A huge thanks to @4thestatebooks for the advanced proof copy and to @cecilepin for writing such an important and provoking book.
It’s a story about a family that leave Vietnam at the end of the Vietnam war hoping to start a new life in America. As vulnerable refugees/immigrants, things don’t go to plan and some of the family end up in Thatcher’s Britain, not exactly a welcoming place for immigrants.
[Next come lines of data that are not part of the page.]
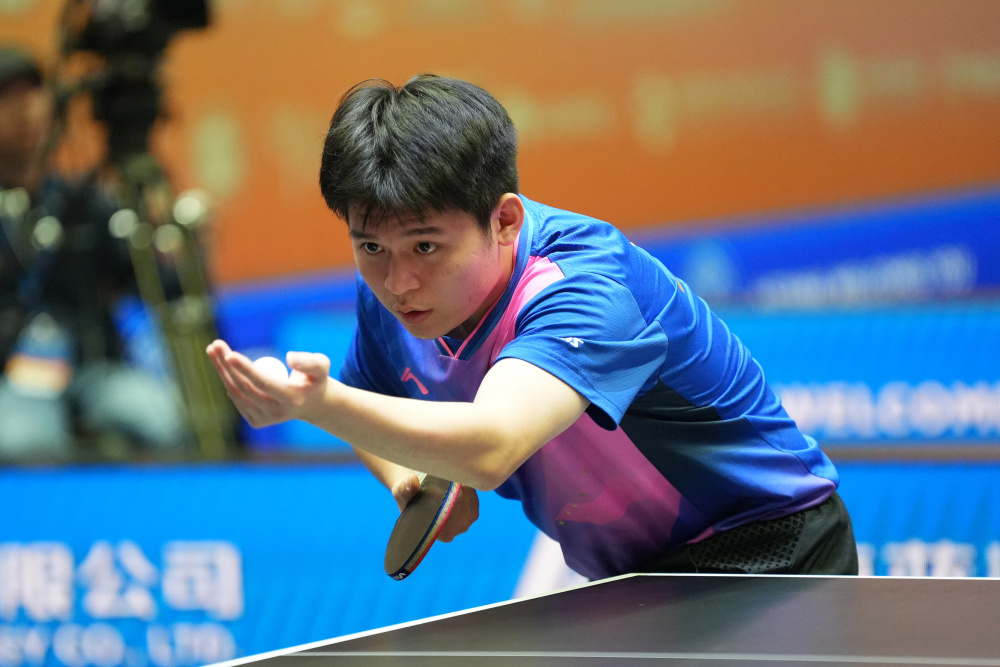 果敢的性格 果敢的性格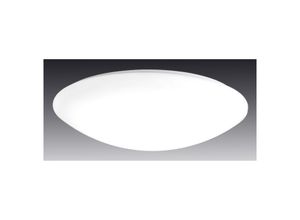 4003222832967 - Näve Leuchten LED Deckenleuchte Sydney d 60cm (Farbe weiß)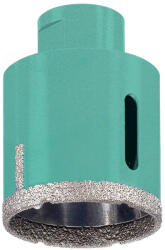 HiKOKI (Hitachi) Sankyo csempefúró 40mm M14 (STDA040000)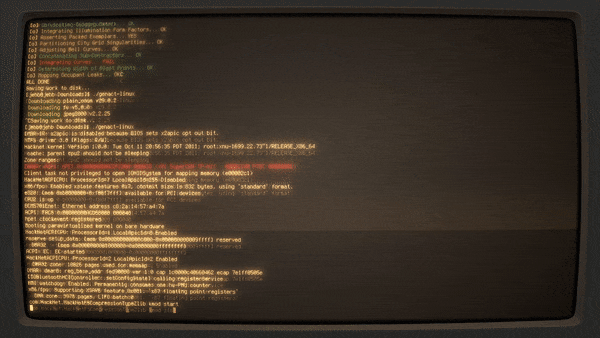 Kilo CLI 1.0 brings open source vibe coding to your terminal with support for 500+ models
This book is emotional from the beginning, the night before departure the family have their last supper, the routine of family life being used to ground and reassure the children was heartbreaking. It is unusual for a book to generate such an immediate emotional response from me but within pages I was completely emotionally invested in this family. Perhaps it is down to the obvious parallels to the doomed Channel crossings we so regularly hear about, this made me consider the reality and real human cost of that. By that I mean that we know there is human life lost but in a news report it is not brought to life. In this book I started to contemplate the back stories of all of the lives lost in this way, and that is what brilliant fiction is for me. Something that transcends the words on the page and makes you question and process the world around you.
It’s a book about refugees and immigrants in the 1970’s, it’s a book about refugees and immigrants now.
Thankfully despite the trauma and heartache it’s a book of hope!
Themes - intergenerational trauma, sexual abuse, the experience of refugees how siblings in these families have to switch to parental roles.